62. I have considered whether it would be premature to make an Isaac Wunder order in this case. I do not believe it would be premature in circumstances where there has been so much litigation between the applicant/related parties and NAMA or NAMA appointed receivers on the same issues, where those issues have been finally determined by the Court of Appeal and where any further claim that the applicant or his father could bring under Irish or EU law would be statute barred and bound to fail for that reason.
63. The effect of making an Isaac Wunder order will be to require the applicant to seek leave of the court before he is permitted to institute proceedings against NAMA or any NAMA group entity. That application for leave is separate to any leave application under section 182 of the 2009 Act.
64. In relation to the request by NAMA to dismiss the judicial review proceedings (record number 2020/125JR) and the unserved plenary proceedings (2015/4645P), I will not strike out those proceedings as they are not properly before me. It appears that there would be significant impediments to the applicant in advancing either of those proceedings at this remove given non-compliance with various time limits. I will however direct that the terms of the Isaac Wunder order should extend not only to the issue of any new proceedings by the applicant but also to the taking of any further steps in either the identified judicial review or the unserved plenary proceedings should the applicant make any attempt to reactivate either of them.
Conclusion
65. For the reasons set out in detail in this judgment I refuse the applicant’s request for leave to issue proceedings against NAMA which he advanced by way of motion dated 10 November 2022. I find that the application pursuant to section 182 of the 2009 Act is out of time and that there are no substantial reasons to otherwise justify granting leave as the intended proceedings are statute barred and bound to fail and would, if advanced, be vexatious and an abuse of process.
66. For the reasons set out in detail in this judgment I will make an order in favour of NAMA in the terms of paragraphs 1 and 2 of their notice of motion dated 12 December 2022.
67. I will make an order in the terms of paragraphs 3 and 4 of NAMA’s notice of motion in the following terms, namely:
3. “An order that the applicant be not entitled to take any further step in relation to proceedings seeking relief in judicial review as against the respondent bearing record number 2020/125JR, without the leave of this Honourable Court being first obtained” and
4. “An order that the plaintiff in proceedings between Vincent Byrne and National Asset Management Agency under record number 2015/4645P be not entitled to take any further step in relation to the same without leave of this Honourable Court being first obtained”.

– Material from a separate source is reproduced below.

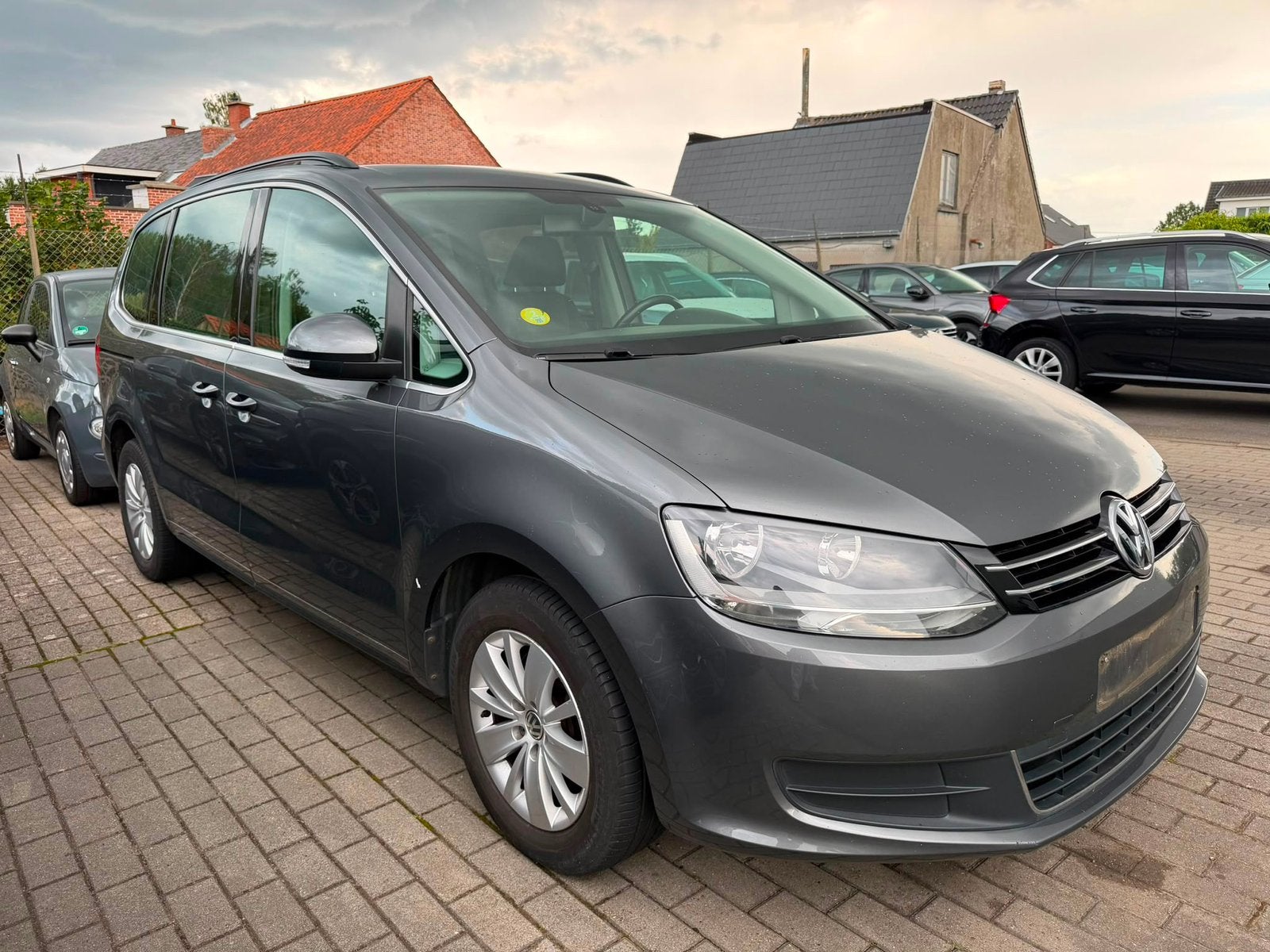 Volkswagen sharan 7plaats, Auto's, 100 kW, Dealer onderhouden, Monovolume, 1995 cc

68. As to costs, my provisional view is that the defendant, having succeeded in full in its motion against the plaintiff, is entitled to recover its costs of that motion as against the plaintiff as well as any additional costs that were incurred by the defendant as a consequence of it being put on notice of the plaintiff’s motion. If the parties wish to contend for a different form of costs order they should file and serve any written legal submissions on that point by Tuesday 18 April. I will list this matter for mention on Wednesday 19 April at 10.45am for the purpose of hearing the parties in respect of legal costs, the form of order, and any further issues which may arise from this judgment.